As much as RE hates news media for being morons, so do I hate tech media for the same problems. Today’s case in point, the Lytro Camera, as summarized by optics.org:
Rarely does a purely optical innovation grab the attention of the world’s media in the way that Lytro’s did last week. The Stanford start-up’s combination of plenoptic technology and slick image processing software will allow refocusing of images after they have been taken – however poorly focused the original image – is a prospect that has got many amateur photographers salivating, even if some of the professionals remain skeptical.
I want to be clear about this right now: You cannot refocus an image after it has been taken. You just can’t. You can sharpen and blur parts of the image to give the illusion of refocusing, but these are just mathematical processes that give estimates. I cannot say this enough: You cannot refocus an image after it is recorded. A breakdown of what the Lytro is doing after the jump. Spoiler alert, the important phrase is “slick image processing.”
I’ll go ahead and give the big reveal now, because what Lytro is doing is actually pretty cool. Let’s say you took several pictures in a row, at different focal lengths (focusing on different parts of the scene, for example). After the fact, you could make a pretty good estimate of any part of that scene that was within the range you sampled. If I focused one foot, two feet, and three feet from the lens, I could give a decent estimate of what it would have looked like if I focused 1.5 feet, for example, by interpolating what I did take and mathematically averaging it out. The problem, of course, is that it takes time to take three shots with lens adjustments and the scene may change between shots. I could do the same thing with three cameras simultaneously, but they have to be in different places because of, you know, mass and physics and stuff. That means that the estimates will be worse, because the values will be different even if the cameras are only an inch apart. This is an important point: that effect is minimal if you’re shooting something further away, so that technique works fine if your target is, say, 30 feet away, but not if they’re 10 feet away. The closer the cameras are to each other, the better their estimates are for closer photos.
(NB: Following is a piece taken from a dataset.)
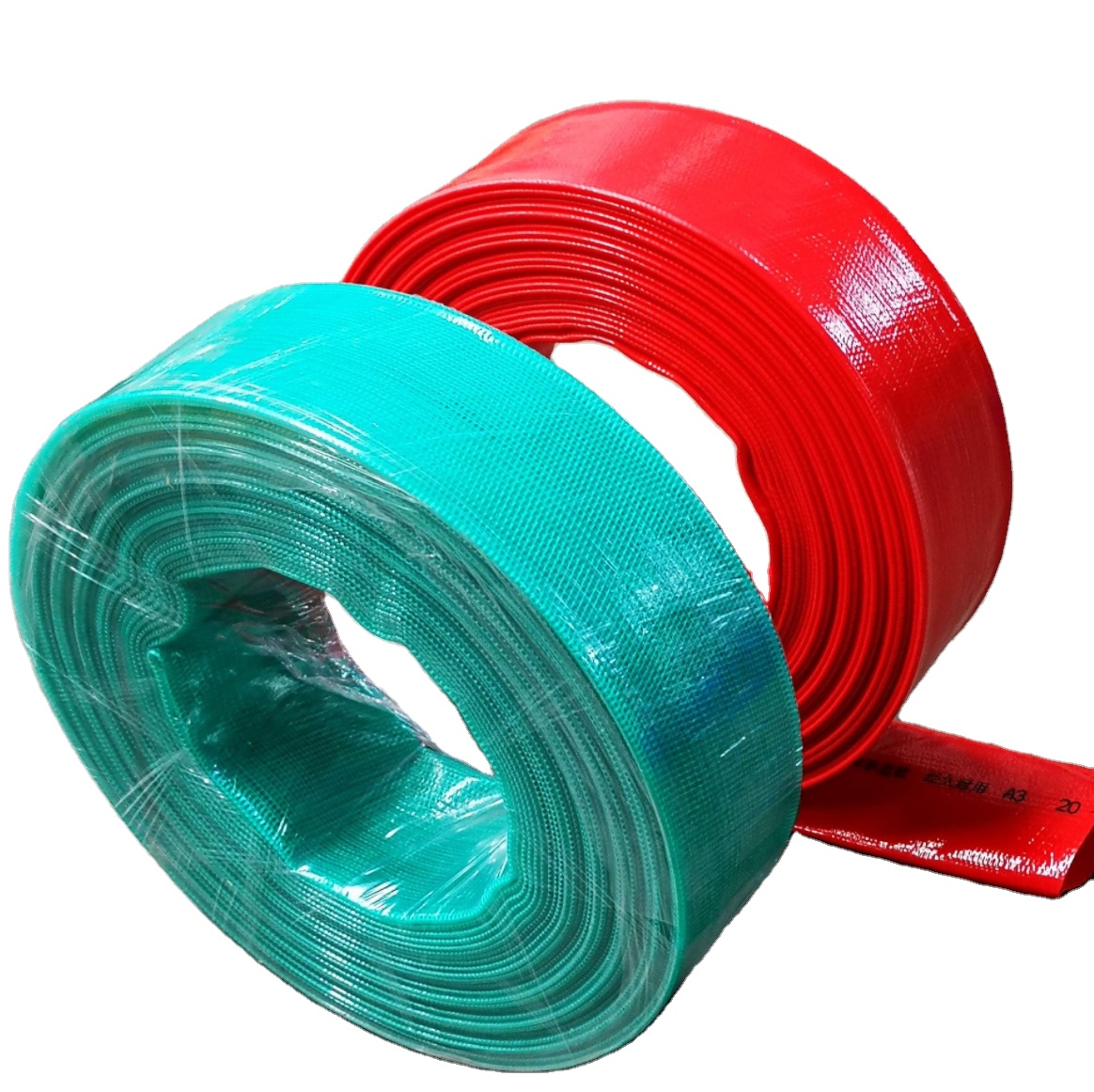 甘孜墨西哥资深灌溉客户选定程瑞达PVC水带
What Lytro has done is basically taken a normal photosensor (the chip in a camera that records the light coming in), and turned it into several simultaneous cameras. Photosensor chips have teeny tiny little lenses on them to focus light on each pixel, and Lytro is adjusting those lenses so that, say, columns 1, 5, 9, etc. are all capturing an image at one focal length, columns 2, 6, 10 are at a second, etc. Thus, you’re getting several different images at once (one image composed of the 1,5,9, etc. columns, a second image composed of 2,6,10,etc., and so on). By using alternating columns, Lytro is basically doing the “multiple camera” approach above, but they’ve smooshed the sensors together as tightly as possible, which means you don’t have the same distance problem that I described above.
So, at this point it should be clear why the coverage above is wrong: You cannot refocus an image after you take it. Lytro is taking several images at once and using estimation to average out values in between. It’s not perfect, it’s not a substitute for actual focusing, and it never will be. It’s just the same estimation I wrote about above.
Lytro’s images are small so far, 512×512 (that’s 128,000 pixels, or 1/8 megapixel, which is close to what the very first cameraphones could do. This is 512×512:
Now, it should be clear that the more images you capture at different focal lengths, the better your estimates will be. For something like what Lytro is doing, I’m guessing they need at least four images. Your standard point and shoot camera nowadays is sporting a 10 megapixel sensor, which works out to about 2673×3741 pixels. Once you cut it into four each way, you’ve got 668×935, which is 624,580 pixels or 0.6 megapixels. So, using this technique with a 10 megapixel sensor gives you a “refocusable” image of 0.6 megapixels. (Four was my first guess, but five gives you 534×748, which is pretty damn close to Lytro’s numbers.)
As Ken Rockwell points out at his awesome site:
One needs at least a doubling of linear resolution or film size to make an obvious improvement. This is the same as quadrupling the megapixels. A simple doubling of megapixels, even if all else remained the same, is very subtle. The factors that matter, like color and sharpening algorithms, are far more significant.
So, as long as camera sensors don’t suddenly explode in pixel density (which, for physical reasons, won’t happen), Lytro’s technology is only going to produce small pictures. It’s cool, but it’s not going to replace a real camera.
So, whenever you hear someone say “captures the light field” or “light field camera” or “refocus in post”, I hope you punch them very, very hard.
UPDATE: Reading the optics piece again, I see that they explicitly say Lytro captures four focal lengths, so 512×512 means the camera captures 2048×2048 or about 4 megapixels. But as shown above, to get to a .6 megapixel image, they need to go up to a 10 megapixel sensor, and so on.
UPDATE 2: I completely forgot my second point, which now will get a tiny amount of space. A lot of sites are mentioning Lytro in combination with HDR. They are completely different. HDR has nothing to do with focal length, it’s about adjusting exposure. It’s possible that Lytro does this, but without a shutter mechanism it would have to be done by selectively reading out certain pixel sets at different times. Doable, but not straightforward.